ElasticSearch V0.90 Faster Than V7.10.1

Hi everyone,

We are doing migration for ElasticSearch version 0.90 to version 7.10.1. I know this is really big upgrade for a component.

While this migration we realized, V7 queries are slower than V0 ones.

This slow performance can be observed at version 7 even for simple queries.
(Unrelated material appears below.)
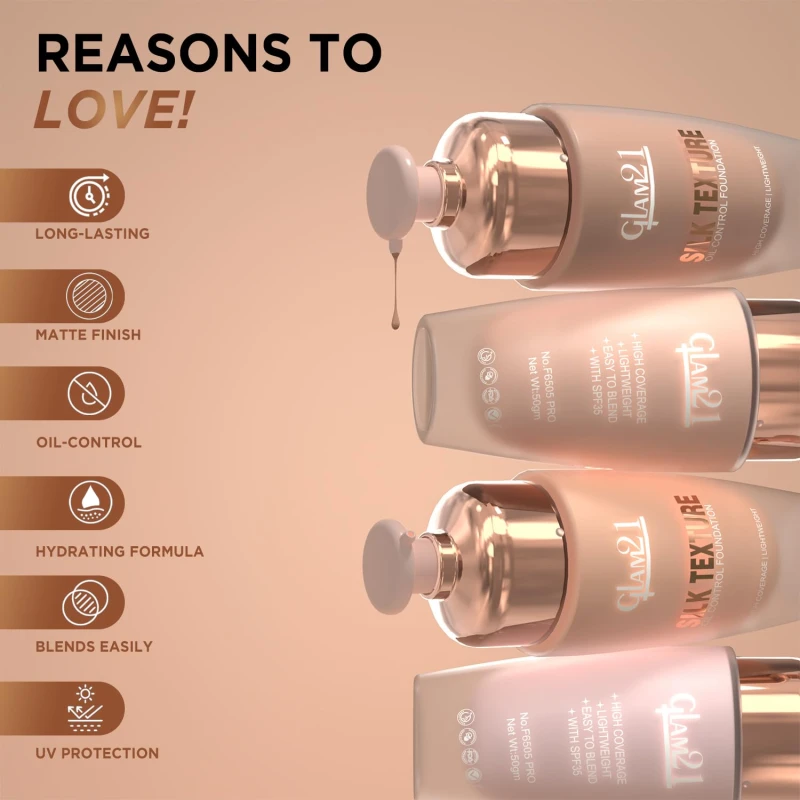 Glam21 Silk Foundation-Lightweight Hydrating Oil-free Formula for Long-lasting Makeup | Balance Skin pH Level | SPF35 UV Protection | Suitable for All Skin Type| 50gm, Gold Honey thumbnail 3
Simple query that performs better at V0:

  • v0 query:

    {
      "query": {
        "bool": {
          "must": [
            {
              "term": {
                "some_term_value": 1234
              }
            }
          ]
        }
      },
      "from": 0,
      "size": 10
    }
    
  • v7 query:

    {
      "query": {
        "bool": {
          "must": [
            {
              "term": {
                "some_term_value": 1234
              }
            }
          ]
        }
      },
      "from": 0,
      "size": 10
    }
    
  • some_term_value is mapped as long.

Machine specs;

  • Both: 64GB machine RAM, 24GB ElasticSearch JVM RAM
  • Both: has same CPU type and SSD disks.
  • Both: standalone machines.
  • Both: using JDK in the machine.
    • V0: 1.8.0_232
    • V7: 11.0.5

JVM options;

## JVM configuration

-Djava.io.tmpdir=...

-Xms24g
-Xmx24g

-Djava.net.preferIPv4Stack=true

## G1GC Configuration
11-:-XX:+UseG1GC
11-:-XX:G1ReservePercent=25
11-:-XX:InitiatingHeapOccupancyPercent=30

# use old-style file permissions on JDK9
-Djdk.io.permissionsUseCanonicalPath=true

## GC logging
9-:-Xlog:gc*,gc+age=trace,safepoint:file=logs/gc.log:utctime,pid,tags:filecount=32,filesize=64m

ElasticSearch Specs:

  • v7 using G1GC for garbage collection.
    • Before this option we tried concurrent-mark-sweep but g1gc was way better for performance and cpu usage.
  • request_caching is disable. Cause of unnecessary option for our data actuality.
    • Our index is updated regulary by bulk inserts/deletes with interval of 500ms. This options is same for v0 and v7.
  • 900+ mapping property.

In our environment setups these queries;
- took for v0 ~20ms - ~30ms
- took for v7 ~40ms - ~50ms

Our most consuming queries as sample:

  • v0 query:

    {
        "from": "0",
        "size": "15",
        "fields": ["some_field"],
        "query": {
            "filtered": {
                "query": {
                    "match_all": {}
                },
                "filter": [
                	{
                        "terms": {
                            "some_term_value": [ 1234 ]
                        }
                    },
                    { ... }
                ]
            }
        },
        "filter": { ... },
        "sort": [ ... ]
    }
    
  • v7 query:

    {
        "from": "0",
        "size": "15",
        "_source": ["some_source"],
        "query": {
            "bool": {
                "must": [{
                    "match_all": {}
                }],
                "filter": [{
                        "terms": {
                            "some_term_value": [ 1234 ]
                        }
                    },
                    {
                        "bool": { ... }
                    }
                ]
            }
        },
        "aggs": { ... },
        "post_filter": {
            "bool": { ... }
        },
        "sort": [ ...
         ]
    }
    

My main question here, with these huge version change of the ElasticSearch that range of V7 and V0, why version 7 slower than version 0 ?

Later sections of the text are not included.